One Mary Kay defender was upset by the article, and had this to say on the business page of the author, Virginia Sole-Smith. Tell me what you think of what she has to say in the comments below.

I can’t help but feel that you have used your platform to do a hit job on Mary Kay to gain attention for yourself. It is the lowest form of sexism to marginalize women by making them look stupid for taking a chance on themselves by trying something new and minimizing the impact of Mary Kay and the wonderful things it has done for so many. I have written the following letter to Harper’s:

Although I am appreciative that the experience that Virginia Sole-Smith had as an Independent Beauty Consultant with Mary Kay was a disappointing one, her article “The Pink Pyramid” went a little overboard in its caustic analysis of the Mary Kay business. I have made a good living doing Mary Kay for the past 28 years. Our business is not for everyone, but I have always believed that the women (and men) who decide to take the plunge and start a Mary Kay business are always a courageous bunch and deserve to feel good about themselves regardless of the outcome of their efforts.

What her article lacked was the proper context. Becoming a Mary Kay consultant is just like any entrepreneurial business. 90% of all businesses started in the U.S. fail within their first year. Most businesses started require some kind of cash outlay, and the main reason most fail is undercapitalization. The amount of cash needed (but not required as the author pointed out) to fully capitalize the Mary Kay business is a very small amount compared to the tens of thousands, hundreds of thousands, or even millions that other small businesses need to have a decent startup. And unlike almost every other business out there, if a Mary Kay consultant purchases some inventory, and then they decide that the business is not for them, they have up to a year to send all of the inventory purchased back to Mary Kay Inc., and the company will buy back the product for 90% of what was paid for it. One would be hard pressed to find any other startup business with that kind of safety net. This fact was not mentioned in Sole-Smith’s article.

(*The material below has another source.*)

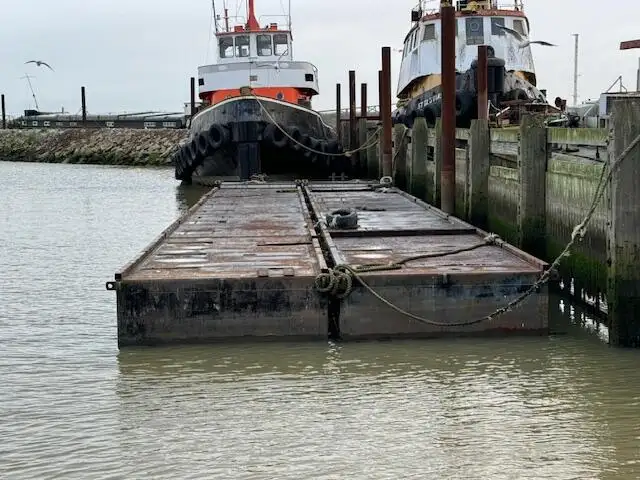 Pontoon fún tà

My other concern about the article is the way that it criticized women in the most sexist of stereotypes, slamming the women in Mary Kay for the way they dressed, and playing on the cultural meme that women are less intelligent, just two of many examples of subliminal and more obvious sexist slams that weaken the premise of this article. We are a country where women have not progressed nearly as much as people think. The U.S. ranks #78 in the world in female representation in government (Interparliamentary Union stat), only 2.8% of the Fortune 1000 companies are headed by women, and women still make only 77 cents on the man’s dollar. There are many reasons for this state of affairs, but one of the major ones is that we haven’t as a nation resolved the work/family issues that plague working women. There is renewed talk these days of whether women can have it all and the Mary Kay business is one of the few opportunities that comes closest to allowing women to have their cake and eat it too. I know because that is the life I have lead for the past 28 years raising my family on my own terms and making a wonderful income while doing so.

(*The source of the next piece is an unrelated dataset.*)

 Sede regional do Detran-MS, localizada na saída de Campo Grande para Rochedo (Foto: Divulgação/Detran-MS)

Ms. Sole-Smith, you should have also taken the time to speak to more of the people who have been successful in this business and given them more attribution in your piece. By not doing so, your piece is nothing more than a saga of sour grapes.

21 COMMENTS

  1. except doing Mary Kay is not having a business. You are not an entrepreneur. You simply are allowed to buy wholesale at a discount, that is not a business owner.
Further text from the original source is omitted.